MYRTLE BEACH, SC (WBTW) – The fire that destroyed a Windsor Green condominium building earlier this month started with a bird’s nest in a breezeway, according to lawyers representing a victim of that fire.
Morgan & Morgan Attorneys Benjamin Wilson and Dylan Bess announced in a press conference Tuesday morning that their investigation found the fire originated after a bird’s nest inside a light fixture heated “to the point of ignition” and caught the building on fire. The attorneys acknowledge that the fire was not a product of anything a resident did, but rather, the responsibility of the property management group and home owner’s association over the Windsor Green community.
The breezeway where the fire started is the responsibility of the property management group, the lawyers claim, and the lack of fire safety features led to the fire that destroyed 16 condos and injured seven people. Bryan Alewine and his family were among those injured.

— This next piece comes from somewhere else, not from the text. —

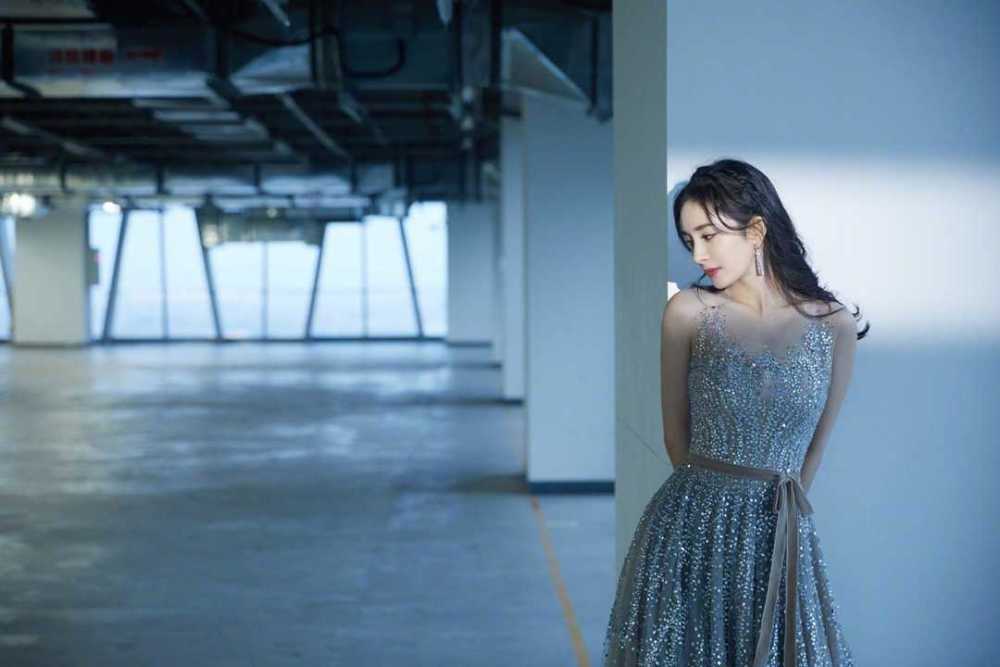 杨幂闪钻连衣裙优雅精致，长卷发造型风情万种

Alewine is represented by Morgan & Morgan and spoke briefly at the press conference to thank first responders, community members and his family for their support.
Alewine explained how he recalled someone yelling, “Fire, fire,” on April 12, and he immediately started to get his family out the door. The heat and flames stopped them from getting from their third-floor condo to the ground. The family was forced to the condo’s balcony, according to Alewine, where he had to drop his two sons to the ground.

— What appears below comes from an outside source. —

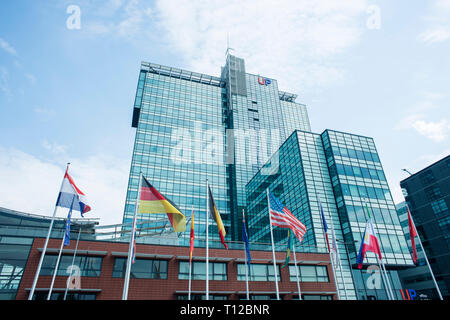 Photos de l'extérieur de l'Office de bâtiment d'entreprise moderne en verre à Amsterdam, en Hollande, aux Pays-Bas. Banque D'Images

Alewine recalls a teenager standing below saying he would catch the youngest boy, 3-years-old. Alewine dropped the toddler and Blake Cannon, 16, was waiting below to catch him. Alewine then had to drop his 10-year-old son to the ground, and Alewine and his wife jumped from the balcony, both severely injuring their back and legs.
The lawyers say Alewine’s building wasn’t prepared for the fire. The building was not equipped with sprinklers, a fire alarm, or a secondary exit for emergencies. In 2013 the Windsor Green community suffered a devastating fire that destroyed 26 buildings. When the property owners began to rebuild, updated building codes required the fire safety features.
The property owners did not update the undamaged buildings following the 2013 fire. A “calculated decision” that nearly cost Alewine and others their lives, the lawyers claim.
The attorneys say the property management group was aware of the danger of not updating the buildings in 2013, but left them unchanged anyway to save money. The law group is now demanding the group make changes so a third fire doesn’t sweep through the community.
Wilson and Bess say they want the property owners to update all remaining buildings to bring them in line with current building codes. If the owners refuse, the lawyers say they want Horry County to close the community due to the safety threat until the buildings are updated.
The law firm has not yet filed a suit against the Windsor Green property management group, but says it is inevitable. The attorneys say they are learning more information every day and do not want to rush into “blind litigation.”
Horry County Fire Rescue has not commented on an exact cause of the fire, but information previously released corroborates the lawyers’ findings that the fire started on the second-floor breezeway. Fire officials have also said the fire is not considered suspicious.